Andy Hanvey: By avoiding duplication in cameras and their associated electronics and wiring, OEMs are saving on costs on complexity and therefore can enable wider deployment or adoption of camera-based ADAS functions.
Geof Wheelwright: So Andy, what should drivers expect? What the, what does the future hold for ADAS technology? And what gets you excited about the future?
Andy Hanvey: Today’s automotive vision systems are very capable, but the complexity and range of functions they’re being asked to perform is ever-expanding as we move to more automation and demand higher levels of safety. A couple of trends that we’re seeing in the automotive camera space is the need for more cameras and moving away from the single RVC towards SVS systems (Surround View Systems), the surround view system adding more functionality viewing in machine vision.
Then looking at ADAS and AD systems adding more cameras. Potentially more than 8 cameras around a car and that doesn’t even include surround view our interior cameras.
Graeme Voller: To support this expansion and capability, image sensing and processing technology needs to be accurate, fast and reliable. Along with displaying to the vehicle operator, the hardware needs to support and compliment the sophisticated ADAS and AD perception software in order to minimize system workloads and maximize the effectiveness of machine vision algorithms.
And you asked the question what does the future hold and what gets you excited about it? I think the whole of the future is what gets us excited about it, the opportunity here to shape the automotive market and so the automotive companies, the semiconductor industry and Arm ourselves and people like OMNIVISION – we’ve got to do all we can to deliver the global adoption of evermore capable ADAS systems which save more lives. Whether those are either the vehicle occupants themselves or other road users. And these systems need to be cost-effective to drive the adoption across the whole of the vehicle market.
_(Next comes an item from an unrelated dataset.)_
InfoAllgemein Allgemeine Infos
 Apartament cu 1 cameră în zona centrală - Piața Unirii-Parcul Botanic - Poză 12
They can’t be a luxury item. Safety should be something that comes as standard in all the vehicles and Arm is paying its part through technology innovation and then close ecosystem partnerships within the automotive industry for example with vision technology leaders such as OMNIVISION.
Geof Wheelwright: Thanks Graeme and Andy, you’ve definitely given us a whole new perspective on where vehicle safety systems are going. And you’ve given me an excuse to visit an automotive showroom sometime soon. Suddenly my 12-year old car just doesn’t cut it anymore. We hope you’ve enjoyed today’s conversation and we look forward to exploring where else technology will take us in the next episode of Arm Viewpoints. Thanks again for listening.